Information about reproduction is limited to a few sightings. Notably, chicks were observed to be born in May with light grey down feathers. The owls observed nested in a tree hole with a clutch size of 2 to 3 eggs per nest. Adult Luzon scops owls are thought to begin breeding at one year old with one clutch being produced per year.

== Conservation ==

The IUCN Red List previously assessed the Luzon scops owl to be a near threatened species but in 2023, this was revised to Least-concern species. This downlisting does not mean the populations have been increasing but reflects new data that found this species to be much more common than previously thought. There is no known information on population size and little known on population trends besides the high likelihood that it is decreasing. This species is still declining due to habitat loss.

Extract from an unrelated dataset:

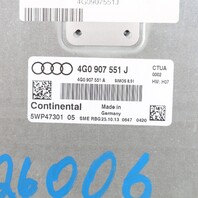 2014 Audi A7 C7 Engine Computer Module ECU ECM DME 4G0907551J OEM Used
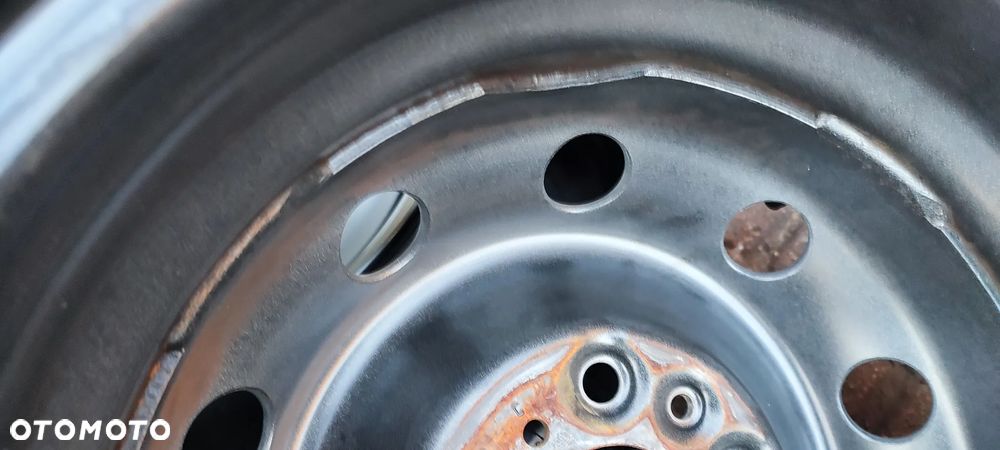 Felgi Stalowe Oryg. Fiat Ducato Peugeot Boxer Citroen Jumper 15 Cali 5x118 6Jx15 Et68 1395239080 Demo Bdb!! - 17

Activities that contribute to deforestation such as logging, mining and the growth of agricultural land in the region of Luzon pose a threat to its endemic species.

It is heavily suggested that critical habitats for the Luzon scops owl and other endangered or threatened birds be protected at all altitudes. Certain important areas Mount Pulag National Park are already protecting highland-dependant species and the Philippine government is working on creating more protected areas through the National Integrated Protected Area System (NIPAS).

This species is found in protected areas including Mount Pulag Protected Park and Mounts Banahaw–San Cristobal Protected Landscape but actual protection from habitat loss and hunting are lax.

Population surveys and frequent updates on the rates and effects of habitat loss within its range are strongly recommended to give a more accurate assessment of this species' conservation status.